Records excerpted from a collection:
::::::::

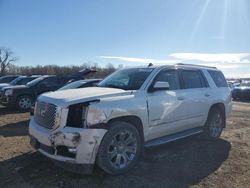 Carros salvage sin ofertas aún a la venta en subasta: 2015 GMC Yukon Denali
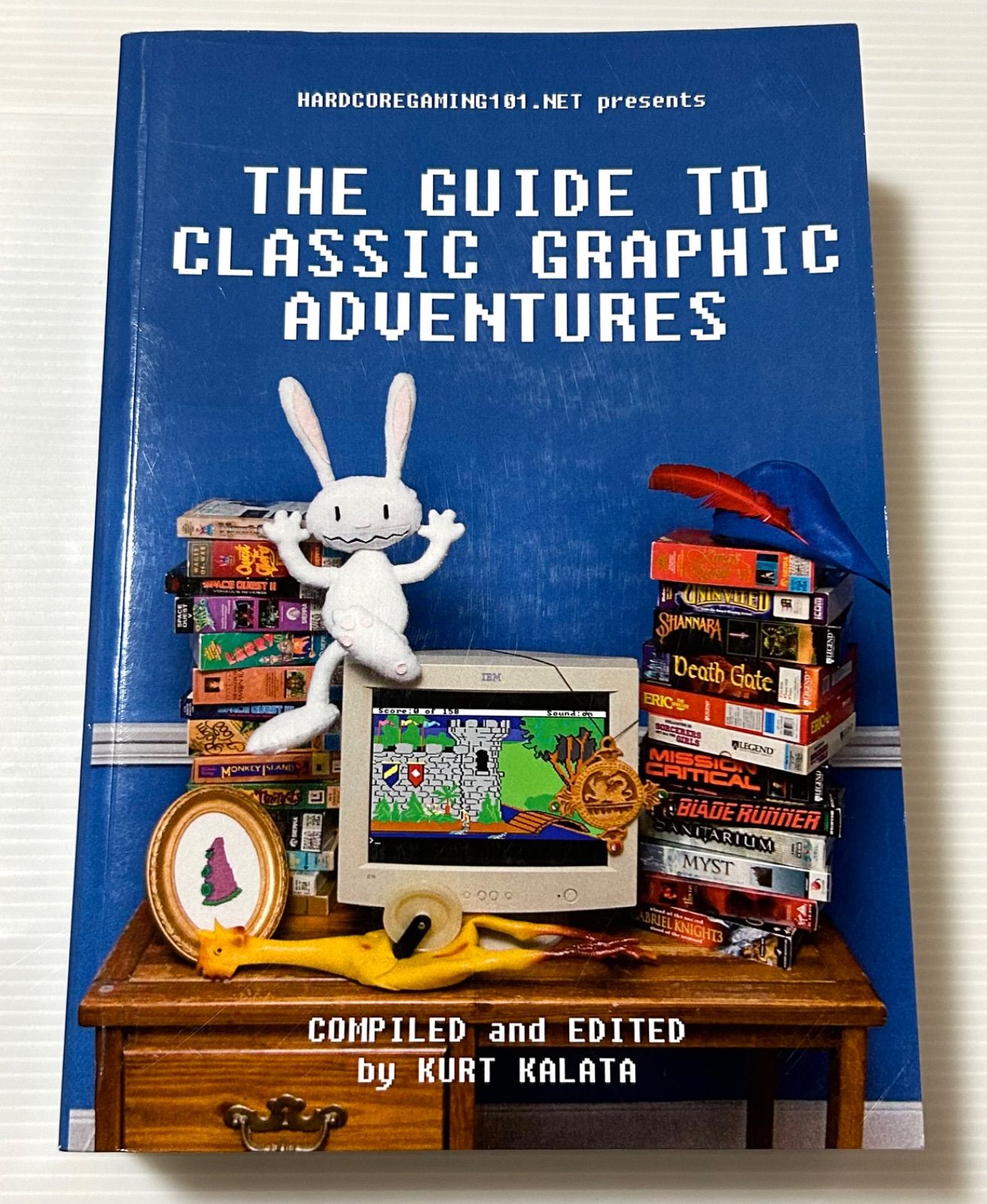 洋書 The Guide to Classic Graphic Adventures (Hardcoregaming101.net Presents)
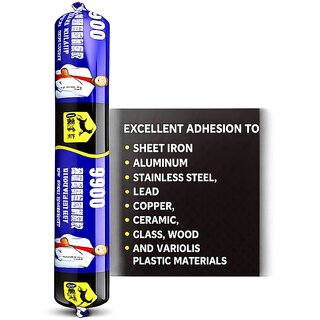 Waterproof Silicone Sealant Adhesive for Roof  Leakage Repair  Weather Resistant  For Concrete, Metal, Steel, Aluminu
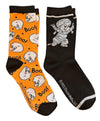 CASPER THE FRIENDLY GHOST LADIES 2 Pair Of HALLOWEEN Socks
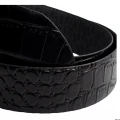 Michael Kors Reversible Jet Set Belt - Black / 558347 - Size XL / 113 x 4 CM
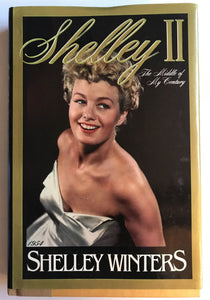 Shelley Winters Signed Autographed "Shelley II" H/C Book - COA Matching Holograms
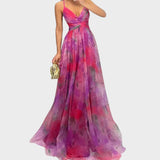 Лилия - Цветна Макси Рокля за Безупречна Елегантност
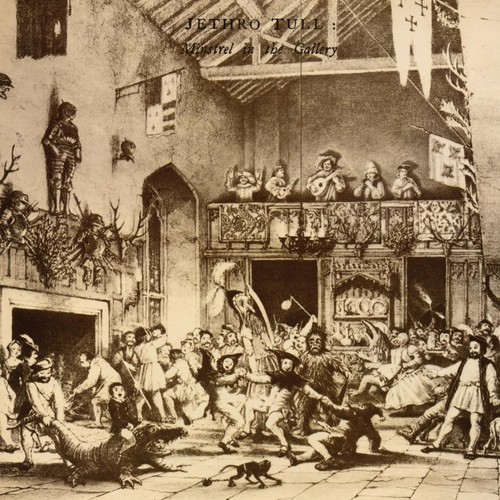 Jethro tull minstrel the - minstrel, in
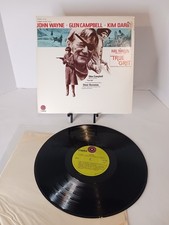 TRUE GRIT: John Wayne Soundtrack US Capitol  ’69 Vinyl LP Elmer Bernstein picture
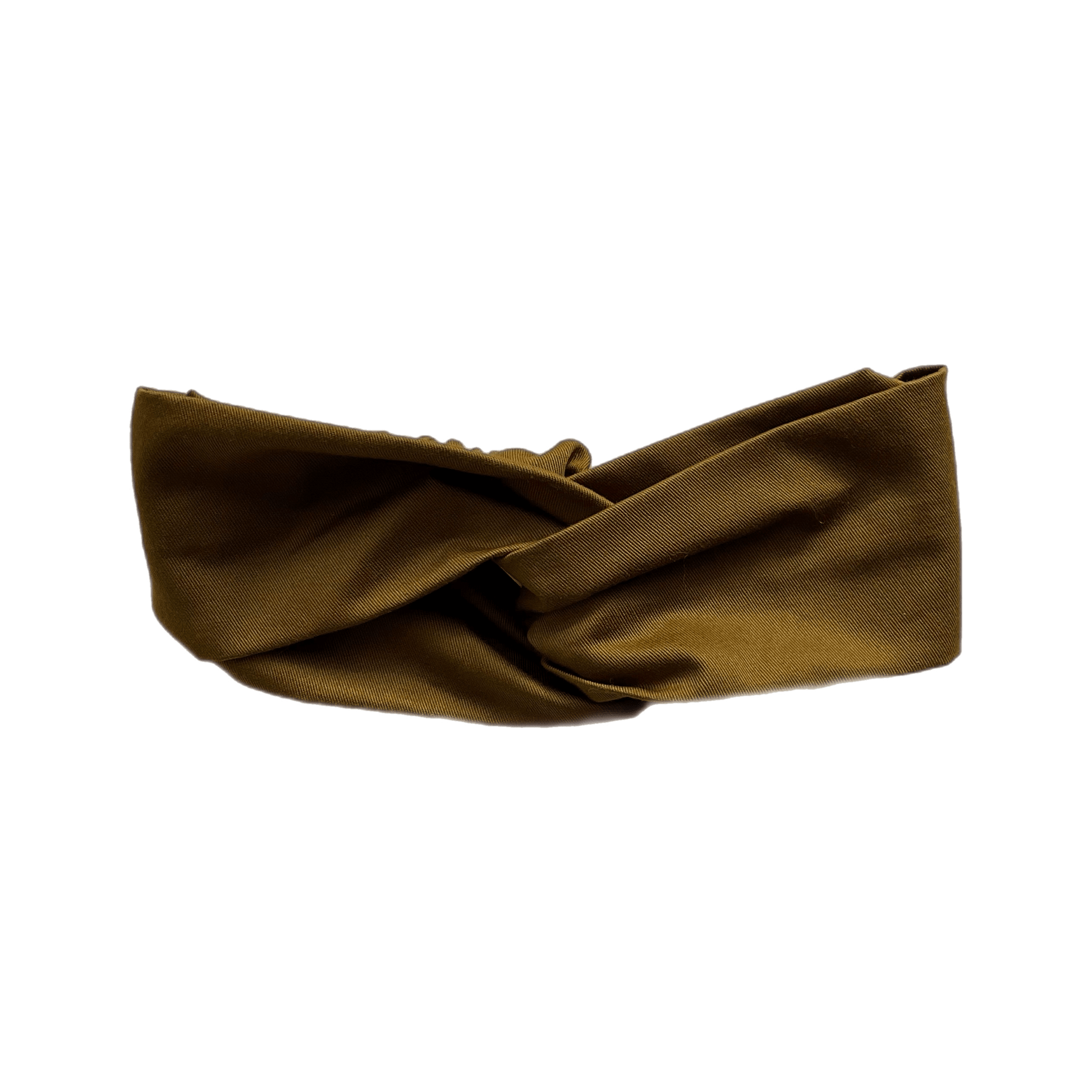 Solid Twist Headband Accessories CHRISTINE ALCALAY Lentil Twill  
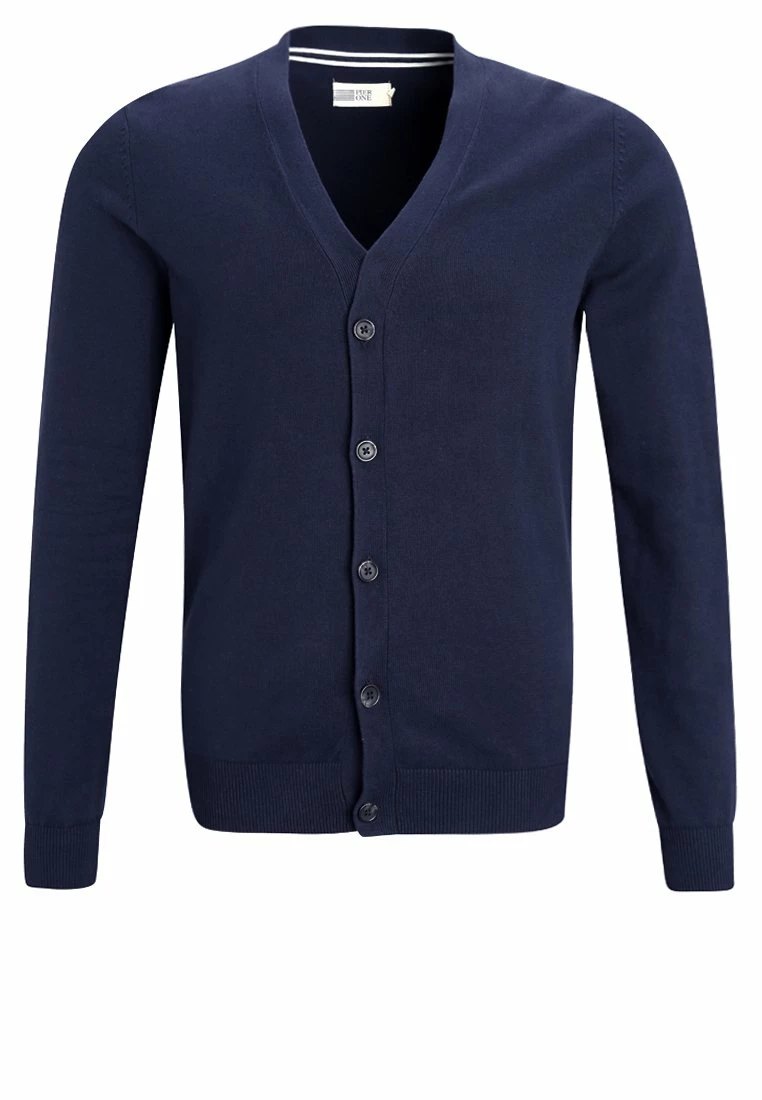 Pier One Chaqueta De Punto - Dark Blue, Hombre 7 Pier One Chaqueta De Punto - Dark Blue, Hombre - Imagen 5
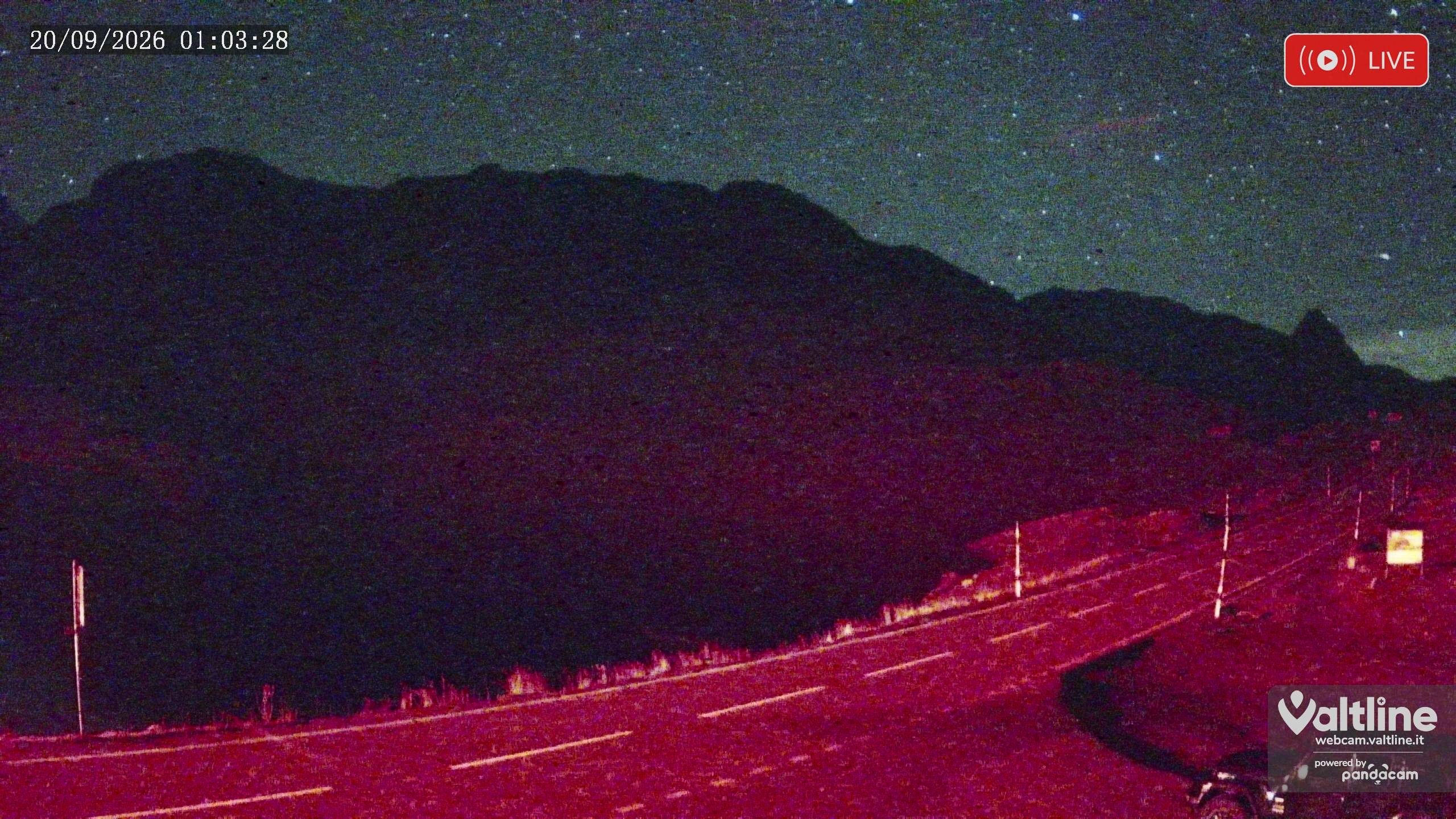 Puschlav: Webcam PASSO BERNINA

::::::::

• **INSTRUCTIONS FOR THE TASK**: Leaving out the pictures, output each line above exactly as it is.

• **SOLUTION TO THIS TASK**:
 Carros salvage sin ofertas aún a la venta en subasta: 2015 GMC Yukon Denali
 洋書 The Guide to Classic Graphic Adventures (Hardcoregaming101.net Presents)
 Waterproof Silicone Sealant Adhesive for Roof  Leakage Repair  Weather Resistant  For Concrete, Metal, Steel, Aluminu
 CASPER THE FRIENDLY GHOST LADIES 2 Pair Of HALLOWEEN Socks
 Michael Kors Reversible Jet Set Belt - Black / 558347 - Size XL / 113 x 4 CM
 Shelley Winters Signed Autographed "Shelley II" H/C Book - COA Matching Holograms
 Лилия - Цветна Макси Рокля за Безупречна Елегантност
 Jethro tull minstrel the - minstrel, in
 TRUE GRIT: John Wayne Soundtrack US Capitol  ’69 Vinyl LP Elmer Bernstein picture
 Solid Twist Headband Accessories CHRISTINE ALCALAY Lentil Twill  
 Pier One Chaqueta De Punto - Dark Blue, Hombre 7 Pier One Chaqueta De Punto - Dark Blue, Hombre - Imagen 5
 Puschlav: Webcam PASSO BERNINA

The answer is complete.